2. The sound synthesis device according to claim 1 , wherein the memory stores multiple sets of sound data, each set defining sounds corresponding to pseudo emotions, and the sound signal generator further comprises a selection device which selects a set of sound data to be used based on a designated selection signal.
3. The sound synthesis device according to claim 2 , wherein the designated selection signal is a signal indicating the passage of time.
4. The sound synthesis device according to claim 2 , wherein the designated selection signal is a signal indicating the history of interaction between the user and the interactive device.
5. An interactive device capable of interacting with a user, comprising:
a pseudo-emotion generator which is programmed to generate plural pseudo emotions based on signals received by the interaction device; and
a sound synthesis device comprising:
(i) a sound data memory which stores a different sound assigned to each pseudo emotion;
(ii) a sound signal generator which receives signals from the pseudo-emotion generator and accordingly generates a sound signal for each pseudo emotion by retrieving the sound data stored in the sound data memory;
(iii) a sound synthesizer which is programmed to synthesize a sound by combining each sound signal from the sound signal generator, wherein the user can recognize overall emotions generated in the interaction device; and
(iv) an output device which outputs a synthesized sound to the user.
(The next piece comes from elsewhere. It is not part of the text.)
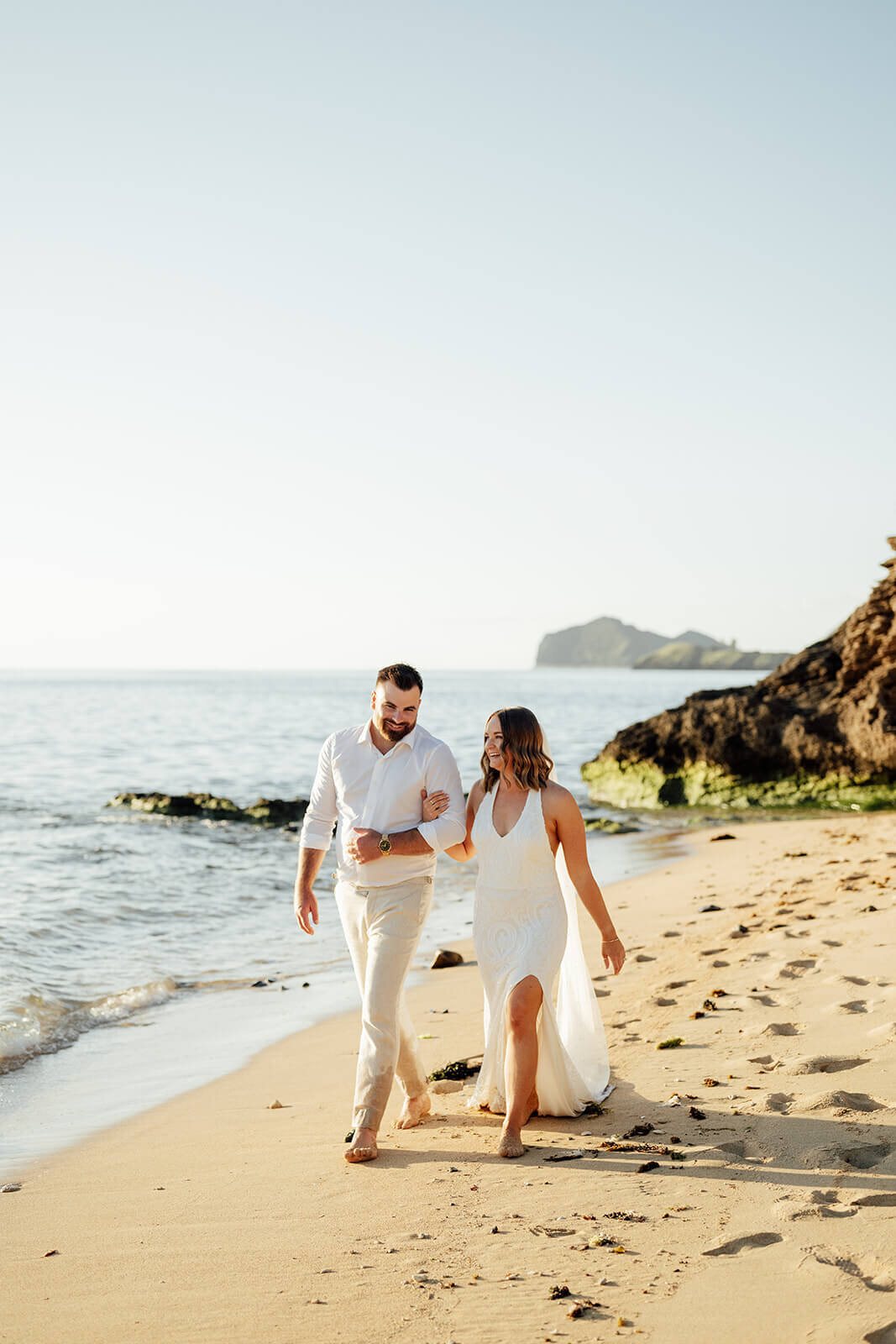 A couple walking hand in hand along a beach at the water&rsquo;s edge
6. The interactive device according to claim 5 , wherein the memory stores multiple sets of sound data, each set defining sounds corresponding to pseudo emotions, and the sound signal generator further comprises a selection device which selects a set of sound data to be used based on a designated selection signal.
7. The interactive device according to claim 6 , further comprising a growth stage selection unit programmed to select an artificial growth stage based on the passage of time wherein the designated selection signal is a signal indicating the growth stage outputted from the growth stage calculating unit.
8. The interactive device according to claim 6 , further comprising a personality selection unit programmed to select a personality based on the history of interaction between the user and the interactive device wherein the designated selection signal is a signal indicating the personality.
9. A method for synthesizing sounds for an interactive device which is capable of interacting with a user, said interactive device comprising a pseudo-emotion generator which is programmed to generate plural pseudo emotions based on signals received by the interaction device, said method comprising:
storing in a sound data memory a different sound assigned to each pseudo emotion;
generating a sound signal for each pseudo emotion generated in the pseudo-emotion generator by retrieving the sound data stored in the sound data memory;
synthesizing a sound by combining each sound signal generated for each pseudo emotion, wherein the user can recognize overall emotions generated in the pseudo-emotion generator; and
outputting a synthesized sound to the user.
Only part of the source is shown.